Watchdog sees the future in Cablevision/Fox dispute


Media public interest organization Public Knowledge has something to say about the dispute between Fox and Cablevision: Get used to it. And it goes on to argue that the proposed merger of Comcast and NBCU may only make the problem worse. It also said broadcasters have an unfair advantage in retransmission negotiations.

PK Legal Director Harold Feld wrote, “The Commission should not view Fox’s blocking of Cablevision customers, as a one-of- a-kind occurrence. Rather, it is a sign of things to come, unless the Commission reexamines its media ownership, merger, and retransmission consent policies.”

Noting that Fox briefly pulled online access of its programming from Cablevision internet subscribers, PK said, “…Fox’s blocking of Cablevision’s broadband customers shows that the current generation of dominant content and content delivery networks are trying to control the next. This kind of blocking, which concerns anti-competitive conduct inflicted on ISPs or end-user applications, rather than committed by an ISP, is not a ‘network neutrality’ concern as precisely understood. But network neutrality is not the end-all be-all of consumer protection, and these practices could threaten the integrity of the open Internet as much as anti-competitive behavior by telecommunications providers.” And that, PK says, is cause for the FCC to investigate.

PK says this problem will only be exacerbated by the market power wielded by a combined Comcast/NBCU, saying “…a combined Comcast/NBC would have the incentive to block customers of competing MVPDs or competing ‘over-the-top’ programming distributors independent of retransmission disputes. Alternatively, rather than block access entirely, Comcast/NBC would have strong incentive to impose discriminatory terms for access to Hulu to competing broadband access providers and MVPDs.8 Therefore, it should deny the Comcast/NBC merger, or should impose conditions that would prevent Comcast/NBC from behaving in such an anti-competitive and anti-consumer fashion.”

PK argues that media consolidation is a problem in and of itself, allowing millions of consumers to be held hostage during a single dispute, and making the internet just a new arena for giant conglomerates rather than a competitor to them.

PK also came down on the side of MVPDs when it comes to retransmission, saying that must-carry, network program nonduplication, syndicated program exclusivity, and sports blackout requirements give broadcasters the upper hand in negotiations and asked the FCC to do something about it. It said Fox’s decision to extend the battle to the internet was a further abuse of its power.

RBR-TVBR observation: There is a reason that broadcasters enjoy a certain amount of protection – it is that they also are burdened by a certain amount of regulation.
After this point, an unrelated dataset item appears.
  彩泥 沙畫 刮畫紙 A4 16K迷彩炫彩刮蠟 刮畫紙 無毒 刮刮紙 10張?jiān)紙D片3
MVPDs would love to do whatever they can to favor programming they have a stake in, but when push comes to shove, 99% of the local programming available to subscribers comes from broadcasters.

As long as members of Congress feel this is important – and that should be for a very long time indeed, barring localism, public interest and language requirements on FX and MTV and ESPN etc. – then PK’s assertion that broadcasters enjoy an unfair advantage does not hold water.